I have definitions (in code/files) for ~400k nodes and ~500k relationships. I need to put this on a Neo4j database. For this, I programmatically build a query to create each node with a unique id (UUID) field in it's properties.
CREATE (:MyNode {UUID: "aaaa"});
CREATE (:MyNode {UUID: "bbbb"});
...
After creating all nodes in DB I create relations with a query that looks like:
MATCH (a {UUID: "aaaa"}), (b {UUID: "bbbb"})
CREATE (a)-[:MyRelation]->(b);
MATCH (c {UUID: "cccc"}), (d {UUID: "dddd"})
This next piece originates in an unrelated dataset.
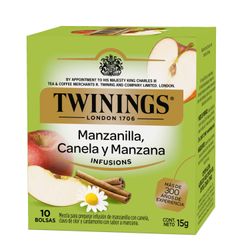 Infusión Aromatizada Twinings Manzanilla, Canela y Manzana 10 un.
CREATE (c)-[:MyRelation]->(d);
...
So running this requires ~500k MATCH statements that run over ~400k nodes. Is there a better approach to optimize this?
NOTE: unifying node and relationships creation.on same query to take advantage of variables is not practical. The query is too large.
My raw data is formated like this (In case you want to test):
{
"nodes": [
{ "UUID": "0001" },
{ "UUID": "0002" },
{ "UUID": "0003" },
{ "UUID": "0004" },
{ "UUID": "0005" }
],
"relationships": [
{ "uuid_A": "0001", "uuid_B": "0002", "label": "related_to" },
{ "uuid_A": "0001", "uuid_B": "0003", "label": "related_to" },
{ "uuid_A": "0002", "uuid_B": "0003", "label": "related_to" },
{ "uuid_A": "0002", "uuid_B": "0004", "label": "related_to" },
{ "uuid_A": "0003", "uuid_B": "0004", "label": "related_to" },
{ "uuid_A": "0003", "uuid_B": "0005", "label": "related_to" },
{ "uuid_A": "0004", "uuid_B": "0005", "label": "related_to" },
{ "uuid_A": "0004", "uuid_B": "0001", "label": "related_to" },
{ "uuid_A": "0005", "uuid_B": "0001", "label": "related_to" },
{ "uuid_A": "0005", "uuid_B": "0002", "label": "related_to" }
]
}
Here is a detailed recommendation.
Create 2 CSV input files (since the data will be processed in separate queries, and to make the files more compact):
nodes.csv
for the MyNode
properties (which in your case is just a UUID
). For example:
uuid
0001
0002
0003
0004
0005
rels.csv
for the MyRelation
data. For example:
from,to,type
0001,0002,related_to
0001,0003,related_to
0002,0003,related_to
0002,0004,related_to
0003,0004,related_to
0003,0005,related_to
0004,0005,related_to
0004,0001,related_to
0005,0001,related_to
0005,0002,related_to
Create a uniqueness constraint on :MyNode(uuid)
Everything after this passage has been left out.